Meanwhile, the Taleban regime has continued to ramp up the restrictions on women, already banned from attending school after the age of eight and excluded from many jobs.
In August 2024, for instance, they prohibited women from using transportation alone as well as showing their faces or being heard speaking in public.
Sima, 27, and her older sister survive on their meagre income from traditional crafts, such as embroidery on clothes and scarves.
“It takes a month to embroider a pair of trousers, which sells for 1,000 Afghanis,” explained Sima.
The women, orphans who had lived with their uncle before he abandoned them after the Taleban takeover, scratch a living in one of the poorest areas of Kabul, a hillside neighbourhood in the west of the city.
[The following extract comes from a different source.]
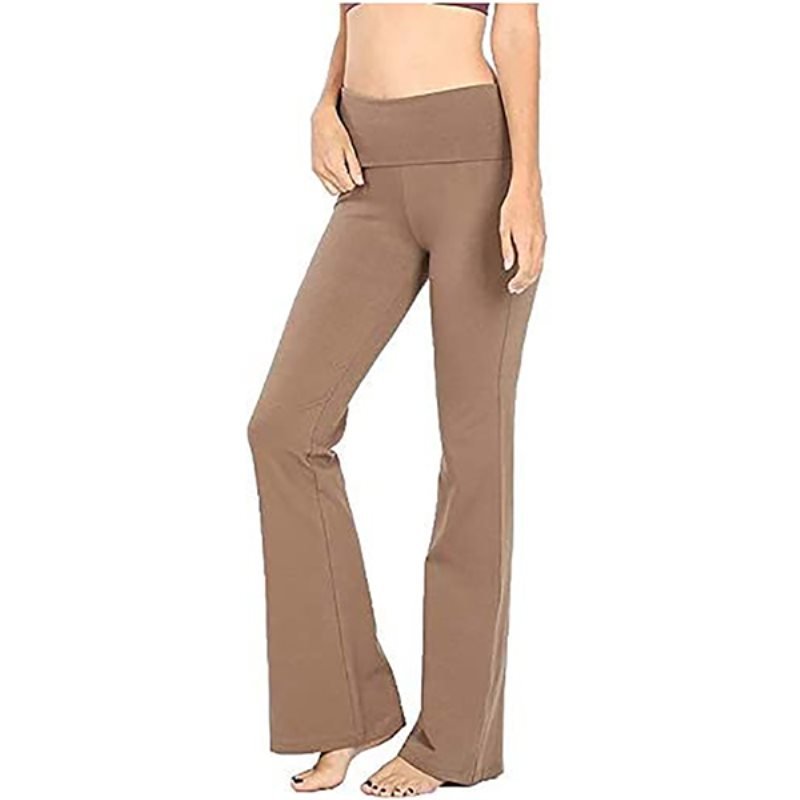 Zenana Premium Cotton FOLD Over Flare Pants at Women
Sima explained that their social isolation – and the growing restriction on women’s lives – means that they often went hungry.
In addition, the women must travel an hour each day to collect two barrels of water from a mosque at the bottom of their hill.
And they face an even bigger challenge when it comes to obtaining clean drinking water.
“Once, there was no water for 15 days,” Sima recalled. “I would stay up at night until 3 am, waiting for the water to come back on.”
They need to pay around 400 Afghanis (six dollars) per month for drinking water, but their total monthly income is only about 3,000 Afghanis (45 dollars), of which three-quarters goes toward rent.
Looming Water Crisis
Najibullah Sadid, an Afghan expert on water resources and the environment, said that Afghanistan was extremely vulnerable to the impact of climate change, noting that the last four years had been dominated by drought.
“The first group to be affected in Afghanistan is women and children,” he emphasised, adding that these were the groups largely responsible for cooking, household chores and domestic work.
The World Resources Institute states that drought in Afghanistan will reach severe levels by the year 2040, and Sadid warned that this risked wiping out nearly all of Afghanistan’s domestic grain production of around four million tonnes. Even when conditions were optimal, he continued, an additional 2.5 million tonnes of grain had to imported to meet citizens needs.
In addition, Sadid stressed, the Taleban regime lacked any specific strategy or policy to address the looming crisis.
An OCHA report presented at last year’s UN climate change conference ranked Afghanistan fourth among the countries facing a drought crisis, noting that it was one of the most vulnerable and unprepared states in dealing with water stress.
Other Kabul residents report being threatened and asked for bribes when they tried to find their own solutions to the lack of municipal water supplies.
Kabul resident Razzaq (not his real name) faced strong opposition from his neighbour—a Taleban activist — when he attempted to dig a well in his house in the summer of 2023.
“The neighbour threatened that unless I give him half of the water, he wasn’t going to let me dig the well,” he said.
Nabi (also not his real name) related that when he first attempted to dig a well in 2022, he was told to apply for a government permit - which was then denied. Instead, the Taleban asked for a bribe and suggested he dig the well outside his house.
However, this year, after he finally managed to save some money, he was astonished by the amount he stood to pay to access a reliable water supply.
The cost of digging, he said, would be around 500,000 Afghanis (more than 7,000 dollars), “which is beyond the reach of any Afghan family".